Data items
-- -- --
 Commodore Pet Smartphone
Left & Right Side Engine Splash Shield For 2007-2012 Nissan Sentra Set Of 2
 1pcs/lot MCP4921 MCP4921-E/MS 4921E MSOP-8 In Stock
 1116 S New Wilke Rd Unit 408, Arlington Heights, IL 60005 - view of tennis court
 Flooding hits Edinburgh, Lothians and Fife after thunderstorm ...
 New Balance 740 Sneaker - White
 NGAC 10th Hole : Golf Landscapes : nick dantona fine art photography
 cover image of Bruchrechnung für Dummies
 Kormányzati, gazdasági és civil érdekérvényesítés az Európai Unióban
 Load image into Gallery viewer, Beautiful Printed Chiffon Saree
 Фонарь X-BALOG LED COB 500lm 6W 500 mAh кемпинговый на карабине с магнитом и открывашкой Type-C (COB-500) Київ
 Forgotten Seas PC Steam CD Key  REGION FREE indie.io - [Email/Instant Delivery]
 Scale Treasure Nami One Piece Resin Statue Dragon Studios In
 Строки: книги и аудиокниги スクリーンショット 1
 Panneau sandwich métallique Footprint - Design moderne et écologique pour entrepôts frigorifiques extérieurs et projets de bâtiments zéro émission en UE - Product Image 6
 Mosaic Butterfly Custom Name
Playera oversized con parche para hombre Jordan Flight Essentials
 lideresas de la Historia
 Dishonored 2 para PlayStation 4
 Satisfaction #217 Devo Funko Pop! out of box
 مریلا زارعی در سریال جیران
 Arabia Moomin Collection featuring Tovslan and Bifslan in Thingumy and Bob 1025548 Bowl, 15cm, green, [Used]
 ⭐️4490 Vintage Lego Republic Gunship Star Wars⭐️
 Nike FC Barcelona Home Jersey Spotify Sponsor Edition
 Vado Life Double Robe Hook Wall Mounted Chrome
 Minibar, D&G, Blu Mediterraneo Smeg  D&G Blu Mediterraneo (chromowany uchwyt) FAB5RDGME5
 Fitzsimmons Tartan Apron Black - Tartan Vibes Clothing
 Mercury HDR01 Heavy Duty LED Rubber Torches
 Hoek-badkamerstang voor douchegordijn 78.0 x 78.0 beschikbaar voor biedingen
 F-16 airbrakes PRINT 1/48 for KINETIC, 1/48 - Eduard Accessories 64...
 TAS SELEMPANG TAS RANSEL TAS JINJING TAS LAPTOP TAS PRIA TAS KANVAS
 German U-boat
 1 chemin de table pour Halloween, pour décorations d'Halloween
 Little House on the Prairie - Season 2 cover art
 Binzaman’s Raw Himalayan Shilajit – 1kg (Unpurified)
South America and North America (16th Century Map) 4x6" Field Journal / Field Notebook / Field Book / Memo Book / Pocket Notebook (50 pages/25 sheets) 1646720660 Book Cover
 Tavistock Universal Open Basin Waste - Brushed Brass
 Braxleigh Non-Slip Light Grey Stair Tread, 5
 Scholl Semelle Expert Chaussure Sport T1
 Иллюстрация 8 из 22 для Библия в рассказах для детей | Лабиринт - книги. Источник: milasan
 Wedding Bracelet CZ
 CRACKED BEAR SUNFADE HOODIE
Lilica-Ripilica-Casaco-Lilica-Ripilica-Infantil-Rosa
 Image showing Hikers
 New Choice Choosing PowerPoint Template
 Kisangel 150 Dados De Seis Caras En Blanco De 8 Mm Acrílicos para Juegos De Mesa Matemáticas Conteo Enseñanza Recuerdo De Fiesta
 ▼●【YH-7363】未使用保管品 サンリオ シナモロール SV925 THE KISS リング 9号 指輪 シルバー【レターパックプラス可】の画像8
-- -- --
- EXERCISE DIRECTIONS -
Only lines containing the string "pour" are needed. Pull each of them out of the records above.

- RESULT OF THIS EXERCISE -
 Panneau sandwich métallique Footprint - Design moderne et écologique pour entrepôts frigorifiques extérieurs et projets de bâtiments zéro émission en UE - Product Image 6
 1 chemin de table pour Halloween, pour décorations d'Halloween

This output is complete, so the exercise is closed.